:: The data ::
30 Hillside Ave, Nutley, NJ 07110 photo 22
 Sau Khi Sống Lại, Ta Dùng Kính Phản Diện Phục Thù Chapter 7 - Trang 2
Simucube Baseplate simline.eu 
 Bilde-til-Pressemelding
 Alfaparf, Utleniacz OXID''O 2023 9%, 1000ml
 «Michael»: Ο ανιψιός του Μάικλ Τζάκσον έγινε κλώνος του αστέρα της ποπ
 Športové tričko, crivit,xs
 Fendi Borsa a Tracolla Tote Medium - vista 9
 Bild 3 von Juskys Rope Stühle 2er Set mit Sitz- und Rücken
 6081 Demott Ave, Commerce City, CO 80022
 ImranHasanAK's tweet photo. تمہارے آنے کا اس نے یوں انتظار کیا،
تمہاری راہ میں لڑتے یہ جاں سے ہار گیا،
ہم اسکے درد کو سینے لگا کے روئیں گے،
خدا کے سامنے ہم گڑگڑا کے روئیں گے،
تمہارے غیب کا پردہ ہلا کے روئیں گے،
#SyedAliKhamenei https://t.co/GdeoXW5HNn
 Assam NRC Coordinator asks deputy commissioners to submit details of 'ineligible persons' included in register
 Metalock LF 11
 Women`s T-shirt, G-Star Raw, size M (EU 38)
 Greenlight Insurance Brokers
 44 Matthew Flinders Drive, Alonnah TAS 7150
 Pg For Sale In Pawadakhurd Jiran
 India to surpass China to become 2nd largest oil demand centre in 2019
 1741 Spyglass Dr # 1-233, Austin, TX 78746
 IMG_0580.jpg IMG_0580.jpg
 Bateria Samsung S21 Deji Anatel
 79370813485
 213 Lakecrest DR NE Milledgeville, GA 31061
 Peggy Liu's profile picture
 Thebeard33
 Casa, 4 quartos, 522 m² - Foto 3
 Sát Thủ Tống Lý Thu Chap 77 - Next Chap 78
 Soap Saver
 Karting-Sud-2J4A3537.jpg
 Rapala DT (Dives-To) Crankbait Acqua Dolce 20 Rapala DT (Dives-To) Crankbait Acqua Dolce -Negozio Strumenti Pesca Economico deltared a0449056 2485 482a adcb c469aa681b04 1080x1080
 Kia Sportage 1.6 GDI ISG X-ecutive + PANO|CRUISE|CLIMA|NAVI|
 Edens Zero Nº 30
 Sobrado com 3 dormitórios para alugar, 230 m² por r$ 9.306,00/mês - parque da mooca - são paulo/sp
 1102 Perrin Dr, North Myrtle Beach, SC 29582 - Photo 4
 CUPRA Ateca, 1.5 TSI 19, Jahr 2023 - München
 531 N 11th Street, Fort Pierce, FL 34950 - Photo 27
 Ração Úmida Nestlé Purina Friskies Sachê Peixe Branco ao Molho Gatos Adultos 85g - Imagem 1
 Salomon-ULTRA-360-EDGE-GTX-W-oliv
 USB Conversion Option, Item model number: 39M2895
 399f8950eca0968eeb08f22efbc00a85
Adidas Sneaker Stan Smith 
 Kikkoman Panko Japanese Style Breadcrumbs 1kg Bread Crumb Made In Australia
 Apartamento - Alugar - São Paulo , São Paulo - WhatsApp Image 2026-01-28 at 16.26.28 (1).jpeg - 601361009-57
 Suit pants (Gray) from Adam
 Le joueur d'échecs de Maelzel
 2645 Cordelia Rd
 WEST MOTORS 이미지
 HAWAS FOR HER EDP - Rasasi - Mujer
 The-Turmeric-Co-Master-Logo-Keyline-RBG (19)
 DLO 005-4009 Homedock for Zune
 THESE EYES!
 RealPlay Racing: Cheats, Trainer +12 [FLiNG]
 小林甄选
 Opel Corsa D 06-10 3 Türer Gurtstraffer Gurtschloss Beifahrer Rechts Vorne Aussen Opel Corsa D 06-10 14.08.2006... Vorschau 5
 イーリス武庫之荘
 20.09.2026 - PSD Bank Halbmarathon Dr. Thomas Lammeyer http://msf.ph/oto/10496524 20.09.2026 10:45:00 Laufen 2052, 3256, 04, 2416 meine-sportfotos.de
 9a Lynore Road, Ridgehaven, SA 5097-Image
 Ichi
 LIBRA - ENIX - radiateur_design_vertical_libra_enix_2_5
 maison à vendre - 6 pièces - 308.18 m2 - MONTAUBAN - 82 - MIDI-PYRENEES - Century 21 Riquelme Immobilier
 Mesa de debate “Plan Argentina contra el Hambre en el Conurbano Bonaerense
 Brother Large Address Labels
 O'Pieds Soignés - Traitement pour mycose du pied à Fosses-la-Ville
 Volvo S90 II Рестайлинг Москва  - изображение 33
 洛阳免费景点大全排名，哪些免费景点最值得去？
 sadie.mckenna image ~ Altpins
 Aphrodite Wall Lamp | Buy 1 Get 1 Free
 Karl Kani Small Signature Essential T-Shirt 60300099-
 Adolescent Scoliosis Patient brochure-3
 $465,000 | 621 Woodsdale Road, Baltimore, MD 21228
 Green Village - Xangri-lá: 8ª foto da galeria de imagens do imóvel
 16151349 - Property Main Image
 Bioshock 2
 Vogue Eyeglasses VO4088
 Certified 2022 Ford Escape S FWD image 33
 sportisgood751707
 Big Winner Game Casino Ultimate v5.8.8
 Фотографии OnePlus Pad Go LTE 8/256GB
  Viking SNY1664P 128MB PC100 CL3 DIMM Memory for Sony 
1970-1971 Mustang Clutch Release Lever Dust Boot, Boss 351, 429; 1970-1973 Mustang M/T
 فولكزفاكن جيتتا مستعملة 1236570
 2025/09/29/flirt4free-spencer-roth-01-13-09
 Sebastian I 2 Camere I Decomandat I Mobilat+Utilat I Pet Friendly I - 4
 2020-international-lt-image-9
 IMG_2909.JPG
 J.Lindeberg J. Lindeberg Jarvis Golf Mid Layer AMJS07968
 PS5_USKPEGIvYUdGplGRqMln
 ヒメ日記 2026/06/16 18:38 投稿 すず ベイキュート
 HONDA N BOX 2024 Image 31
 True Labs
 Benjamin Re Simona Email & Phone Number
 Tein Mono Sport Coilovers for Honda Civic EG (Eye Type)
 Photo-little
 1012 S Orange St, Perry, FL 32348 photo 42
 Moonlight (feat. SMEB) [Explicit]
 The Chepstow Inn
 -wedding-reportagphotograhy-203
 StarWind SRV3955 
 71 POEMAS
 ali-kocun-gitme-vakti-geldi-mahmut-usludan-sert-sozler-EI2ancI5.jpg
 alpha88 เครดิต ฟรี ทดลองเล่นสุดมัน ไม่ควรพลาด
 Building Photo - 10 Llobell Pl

:: Brief ::
Show each line of the material that includes the string "روئیں" by copying it.

:: Written answer ::
ہم اسکے درد کو سینے لگا کے روئیں گے،
خدا کے سامنے ہم گڑگڑا کے روئیں گے،
تمہارے غیب کا پردہ ہلا کے روئیں گے،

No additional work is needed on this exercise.